====== Material to process ======
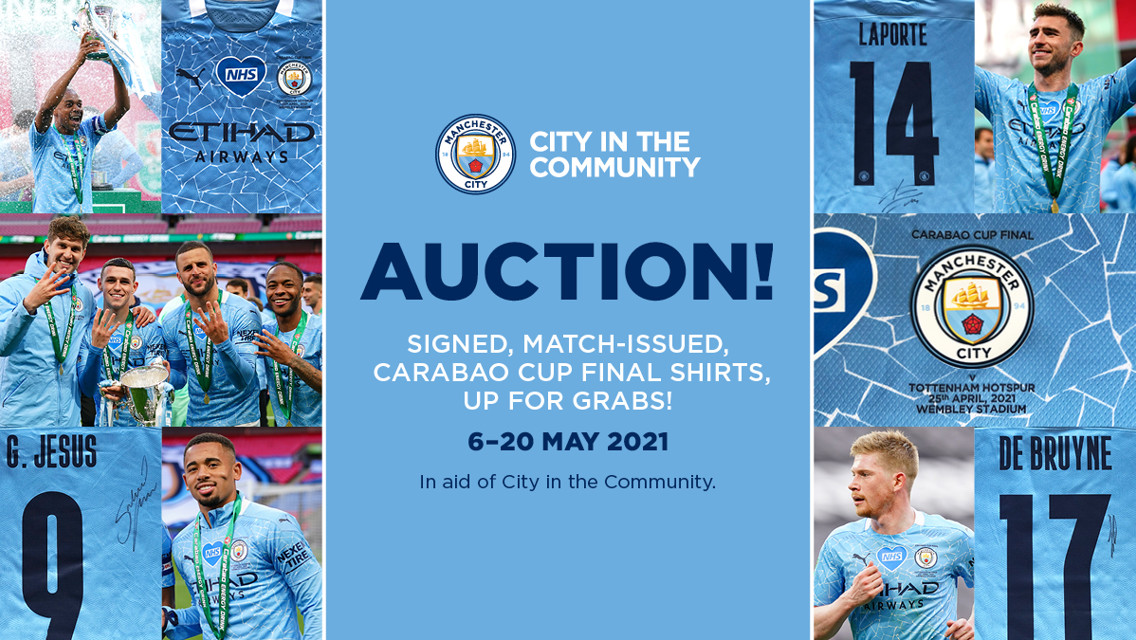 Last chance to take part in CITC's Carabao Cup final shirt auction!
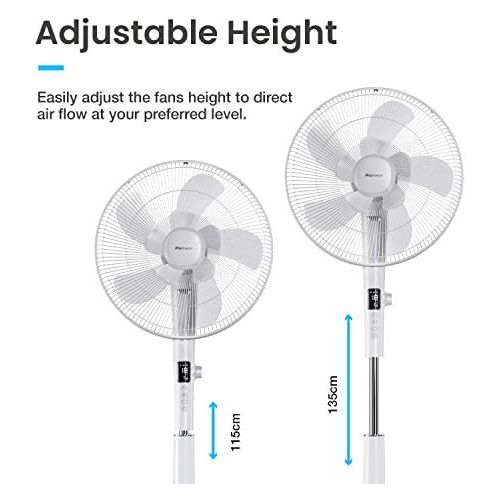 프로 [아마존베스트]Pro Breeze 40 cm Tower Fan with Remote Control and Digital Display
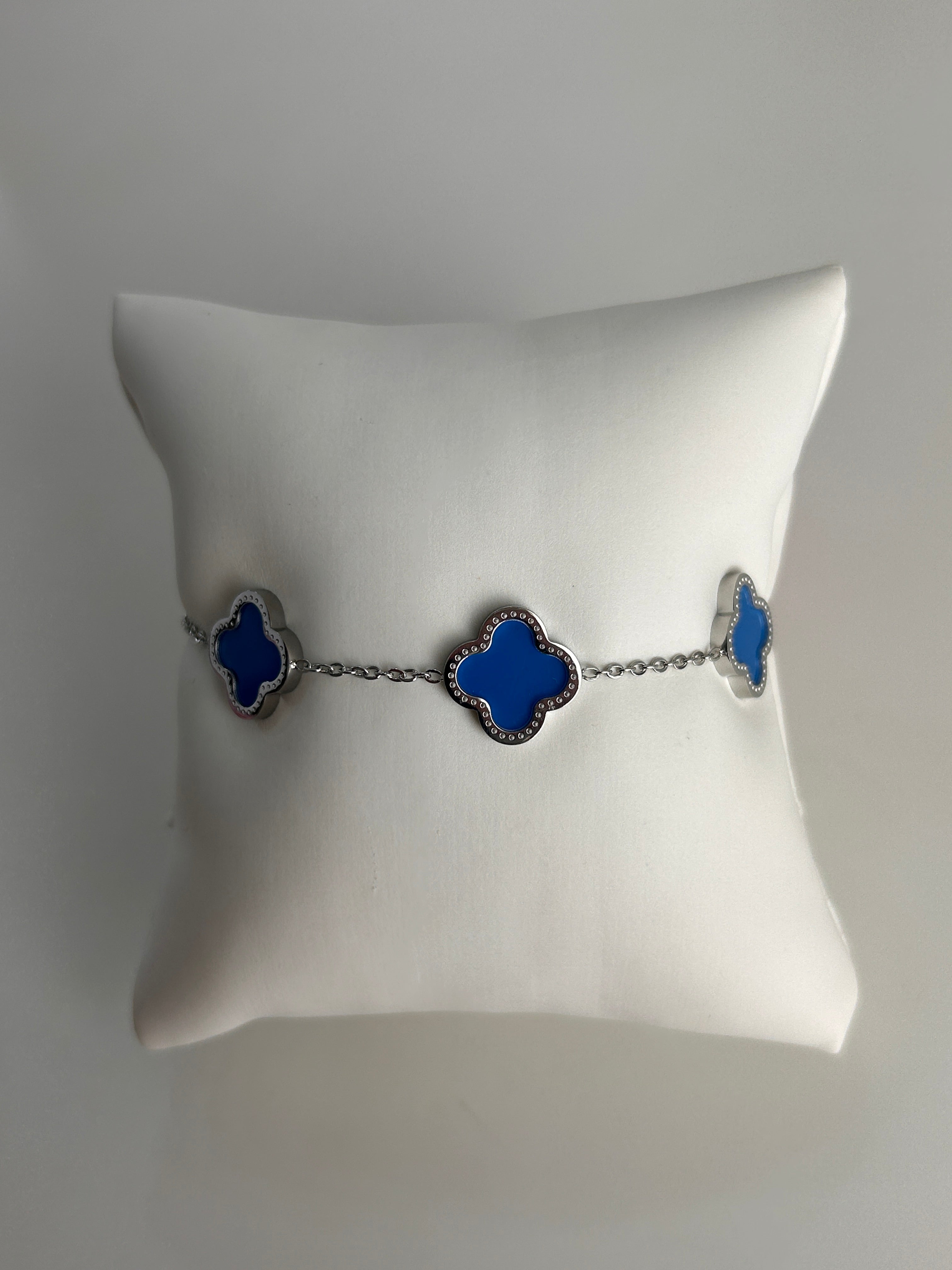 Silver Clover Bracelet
======
====== Material to process ======
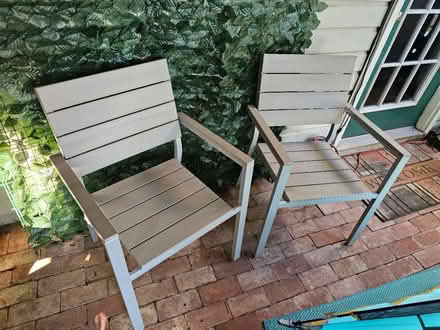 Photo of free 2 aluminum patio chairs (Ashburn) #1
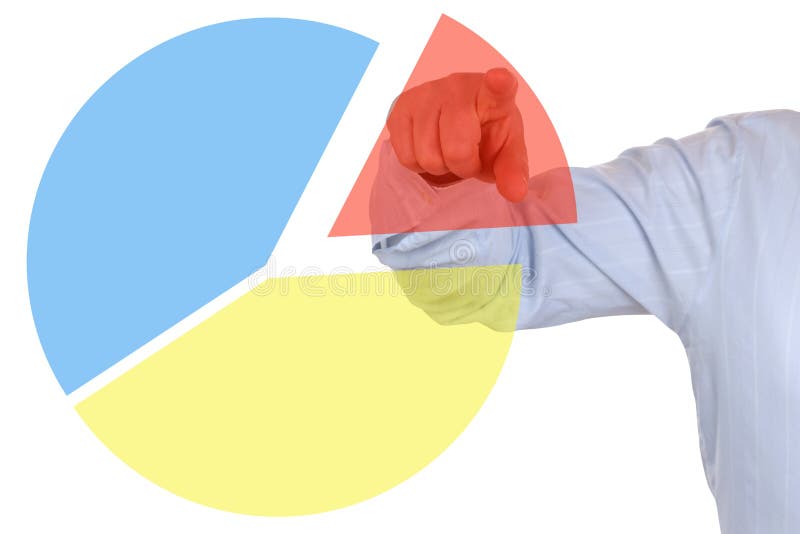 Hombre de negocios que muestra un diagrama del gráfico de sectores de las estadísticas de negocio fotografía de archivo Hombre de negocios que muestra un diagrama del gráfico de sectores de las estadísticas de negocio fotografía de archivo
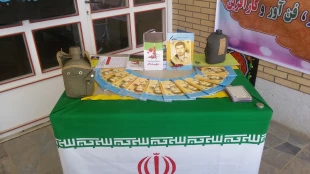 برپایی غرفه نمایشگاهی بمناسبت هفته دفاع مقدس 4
======
====== Material to process ======
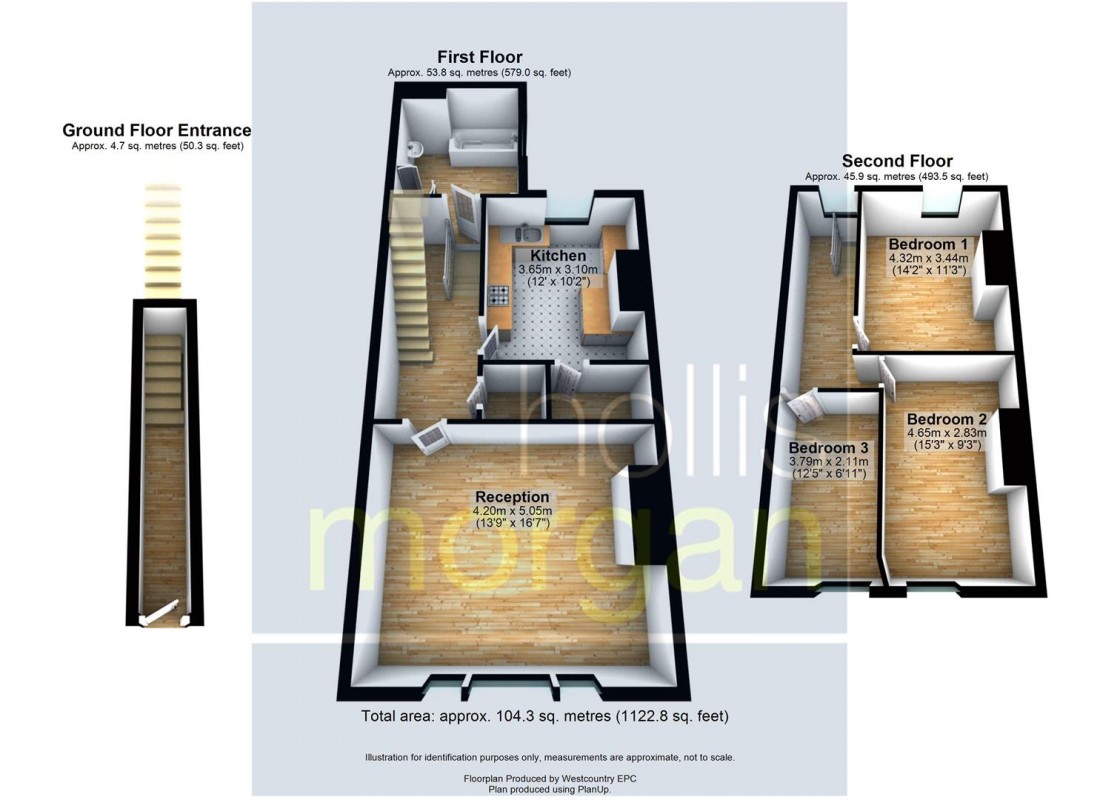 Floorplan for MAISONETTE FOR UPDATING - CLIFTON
======
Although the records above contain pictures, the copy must not; set down exactly the lines from the one with "Photo of free" up to and including the one with "برپایی غرفه نمایشگاهی".

 Photo of free 2 aluminum patio chairs (Ashburn) #1
 Hombre de negocios que muestra un diagrama del gráfico de sectores de las estadísticas de negocio fotografía de archivo Hombre de negocios que muestra un diagrama del gráfico de sectores de las estadísticas de negocio fotografía de archivo
 برپایی غرفه نمایشگاهی بمناسبت هفته دفاع مقدس 4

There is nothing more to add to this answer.